Il y a donc, plus d'un siècle, en 1907, naissait en Catalogne, une revue en catalan, dirigée par des femmes, consacrée aux créations artistiques des femmes de l'époque. Dirigée par l'écrivaine et journaliste féministe, Carme Karr, avec des articles illustrés de dessins et de photographies, écrits et créés par des femmes. "Feminal" a permis de visibiliser le talent et professionnalisme des femmes et de critiquer le pouvoir des Salons, où l'entre-soi masculin les excluait, en leur donnant un espace écrit mensuel pour présenter leurs œuvres et s'exprimer. Tous les articles étaient encadrés par des bandeaux modernistes, les textes étaient accompagnés d’au moins une photographie de l’artiste ainsi que celle de ses œuvres. Le paradoxe est que ces photographies étaient réalisées par les portraitistes reconnus -tous hommes-, probablement dans le but de montrer le professionnalisme de ces femmes artistes.
La revue, de part son grand format et les nombreuses illustrations, avait un coût accessible surtout pour des lectrices bourgeoises, plus ou moins cultivées; ce qui correspondait au profil de la majorité des artistes, issues de milieux instruits liés à l’aristocratie, la politique, la musique, la littérature ou les arts.
Cependant, la revue a publié également des photographies de salons de dessin et de peinture pour femmes de l’Institut de la culture et de la bibliothèque populaire pour les femmes, ouvert en 1909 par Francesca Bonnemaison (une femme qui c'était donné pour tâche de promouvoir l'éducation féminine dans une optique féministe), ainsi que d'autres institutions comme la Fédération syndicale des ouvrières ou du Collège de Formation des Dominicaines Tertiaires de Lleida.
L'exposition m'a permis de connaître l'œuvre d'artistes catalanes dont j'ignorais tout et d'en retrouver d'autres, que j'avais oubliées, dont les créations avaient croisé mon enfance catalane. Beaucoup de tableaux correspondent à des portraits, des scènes de la vie quotidienne, ainsi que quelques paysages. Même si de belle facture, ce ne sont pas mes préférés, notamment parce que cela ne correspondent pas à l'Art Nouveau.

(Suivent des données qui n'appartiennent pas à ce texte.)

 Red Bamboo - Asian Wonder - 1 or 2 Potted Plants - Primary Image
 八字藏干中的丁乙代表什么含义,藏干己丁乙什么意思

Au tout début de l'exposition, les œuvres pleines d'humour de Lola Anglada m'ont immédiatement ramenée à mon enfance et à la revue "El Patufet", véritable emblème catalan. Cette revue a été publiée une première fois de 1904 à 1938. Arrêtée sous Franco, elle a repris entre 1969 et 1973. Celles que j'ai pu lire enfant, correspondent à de gros ouvrages rassemblant plusieurs exemplaires des éditions anciennes, conservées par mon père. Les dessins de Lola A., comme elle les signait, étaient parmi mes préférés.
Une autre série de dessins, œuvres de Maria Rusiñol i Denís, sont également dans une veine humoristique. Il s'agit de créations qui mélangent l'aquarelle, la craie grasse et le crayon de graffite, qui représentent des groupes de femmes, habillées dans des vêtements pompeux et désuets. C'était la manière de l'artiste de critiquer la société à laquelle elle-même appartenait. Fille de peintres, elle a côtoyé, dès son plus jeune âge, grand nombre d'artistes et elle a pu en recevoir l'enseignement.
Mon coup de cœur a été l'œuvre de Francisca Rius i Sanuy, celle qui est le plus dans le style Art Nouveau, avec des éléments japonisants. Illustratrice et dessinatrice, elle a obtenu une mention honorifique lors de l'Exposition Nationale des Arts Décoratifs à Madrid. Je rêve de visiter une exposition qui lui soit entièrement consacrée.
Il y en a déjà eu une en 2019, que je n'ai pas pu voir.
Teresa Lostau i Espinet excellait dans la peinture naturaliste de fleurs.
Certaines artistes ont également travaillé sur des objets décoratifs, comme Maria LLuisa Güell qui a peint ce paravent, à l'huile.
Aurora Gutierrez Larraya faisait de projets pour des éventails et des broderies sur des mouchoirs.
L'exposition, comme en son temps la revue, présente également les œuvres des artistes françaises, Elisabeth Sonrel (voir plus haut) et Clémentine-Hélène Duffau.
Tout comme ce tableau de la bruxelloise Juliette Wytsman
Je souhaite vraiment pouvoir connaître encore plus de femmes artistes Art Nouveau, qu'elles soient de plus en plus visibles dans le monde de l'histoire de l'art afin qu'elles puissent prendre la place que mérite leurs œuvres.